▶ **DATA SEGMENT**
○ ○ ○ ○

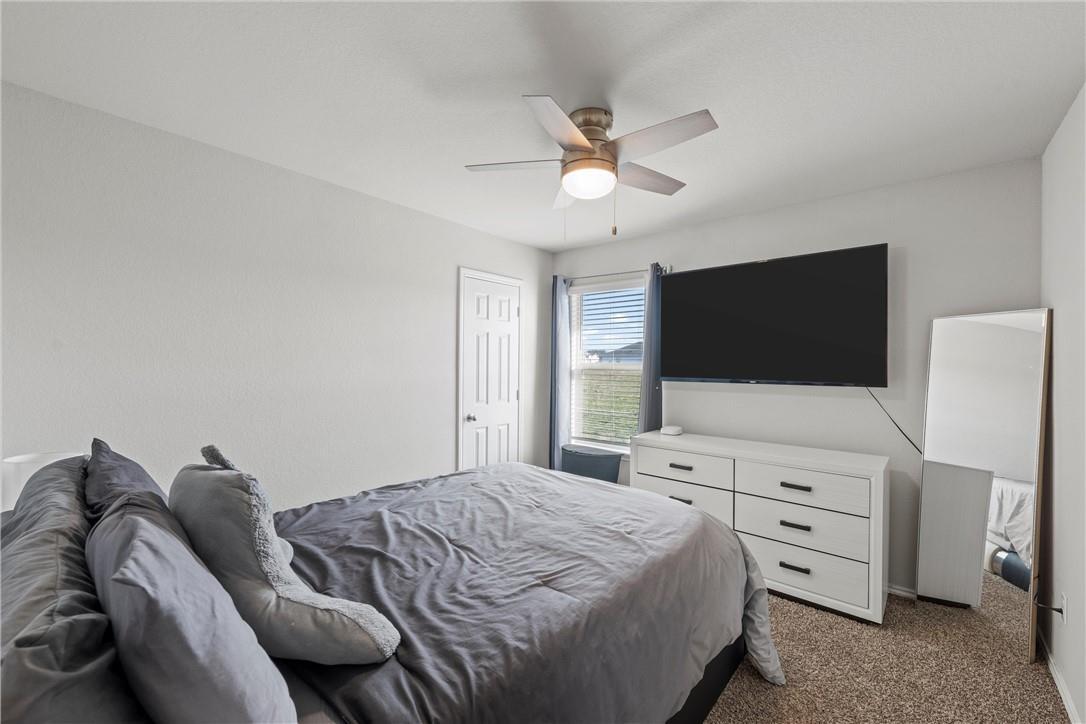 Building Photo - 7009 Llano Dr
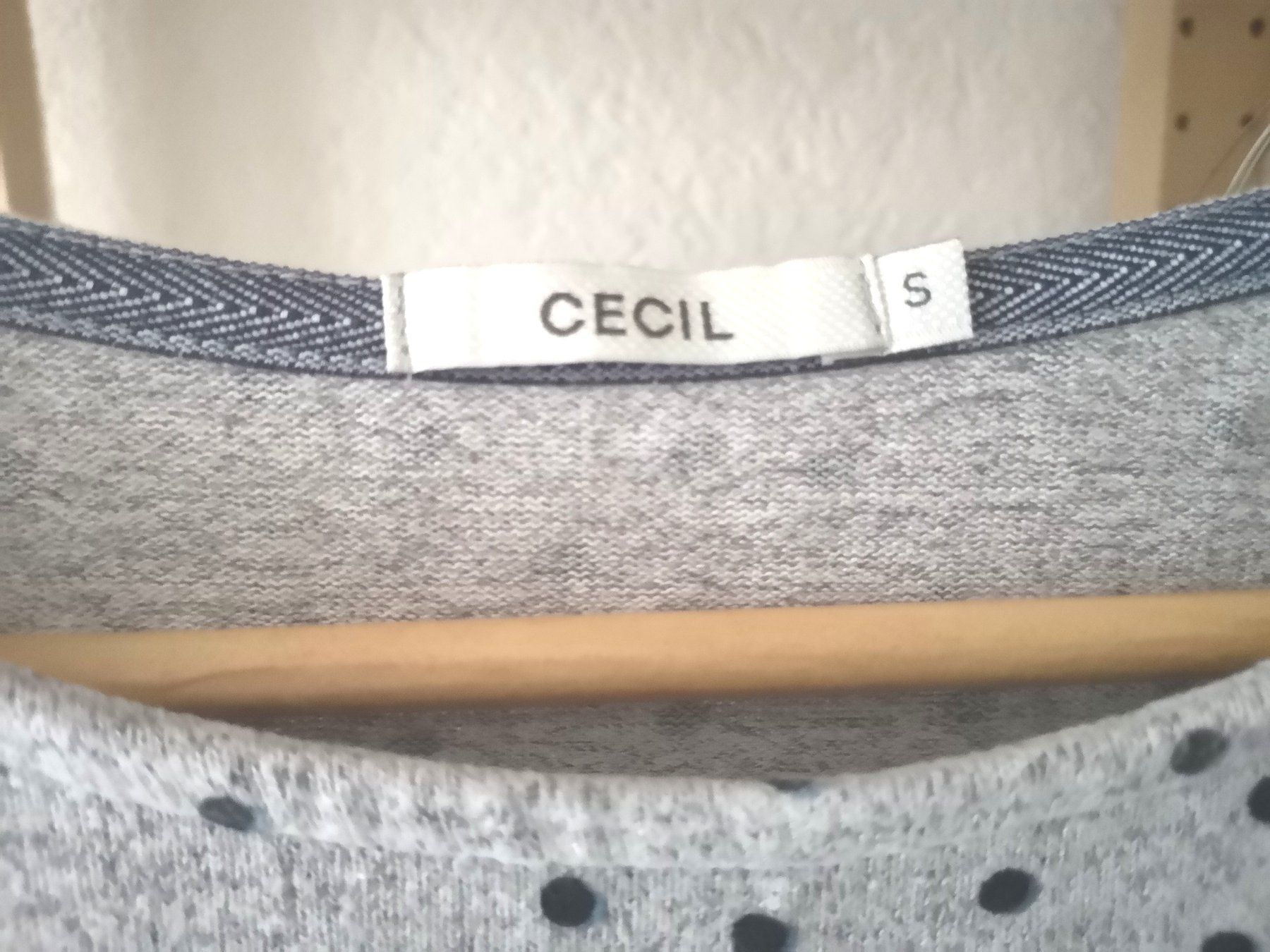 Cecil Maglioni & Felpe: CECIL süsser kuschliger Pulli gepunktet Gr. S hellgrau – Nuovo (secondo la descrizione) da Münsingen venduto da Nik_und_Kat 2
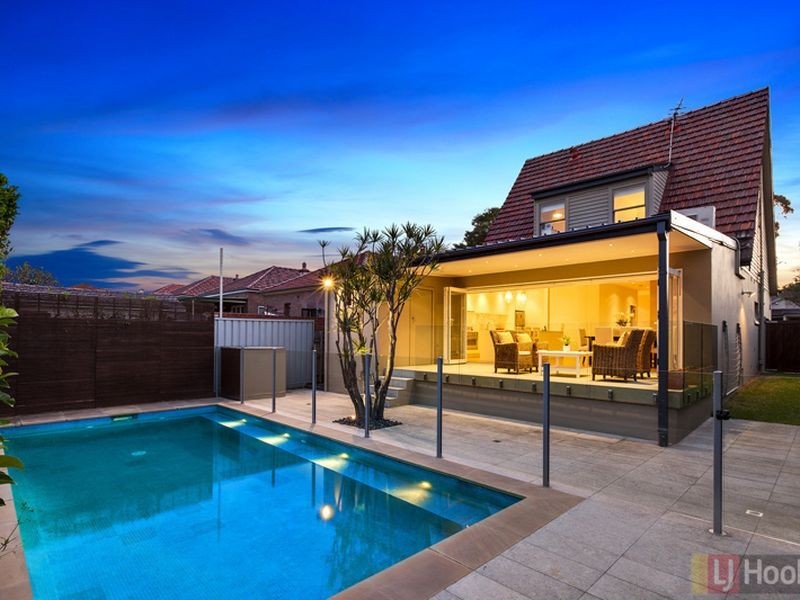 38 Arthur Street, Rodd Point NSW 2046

○ ○ ○ ○

▶ **YOUR TASK**
Print nothing except the lines from the one with "Cecil Maglioni &" through the last line of the listing, exactly as written and with pictures removed.

▶ **SOLVED PROBLEM**
 Cecil Maglioni & Felpe: CECIL süsser kuschliger Pulli gepunktet Gr. S hellgrau – Nuovo (secondo la descrizione) da Münsingen venduto da Nik_und_Kat 2
 38 Arthur Street, Rodd Point NSW 2046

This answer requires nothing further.